By default, retain() runs synchronously - you call it and wait for completion. This is what you want when memories must be available immediately for the next query. But when you’re batch-ingesting documents or don’t need instant availability, you can run it asynchronously:
1# Sync (default) - blocks until complete
2client.retain(bank_id="my-bank", document_id="doc-1", messages=[...])
3
4# Async - returns immediately, processing happens in background
5client.retain(bank_id="my-bank", document_id="doc-1", messages=[...], retain_async=True)The upsert happens atomically either way. Queries during the update see either the old state or the new state, never a partial mix.
The graph connections get rebuilt from scratch.
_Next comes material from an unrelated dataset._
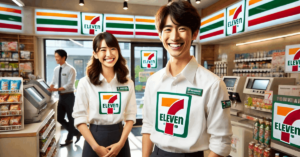 7-Eleven: アルバイトの応募ガイドのステップバイステップ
If the new content mentions the same entities, fresh relationship edges are created. If entities are no longer mentioned, their edges from this document disappear (though the entities themselves persist if referenced by other documents).
Practical Considerations
Choose document_ids carefully. They’re your update granularity. Too coarse (one ID for everything) and you can’t update selectively. Too fine (one ID per message) and you lose the upsert benefit.
Full conversation retention works best. Rather than retaining individual messages, retain the full conversation with each update. This lets extraction see full context and produce more accurate facts.
Idempotency is built-in. Retaining the same content with the same document_id produces the same memories. Safe to retry on failure.
Document upserting is a simple concept with significant practical impact. In my experience building agents with long-term memory, data staleness is a constant battle. The document_id pattern - explicit identifiers for upsert semantics - handles the common case cleanly without complex deduplication logic.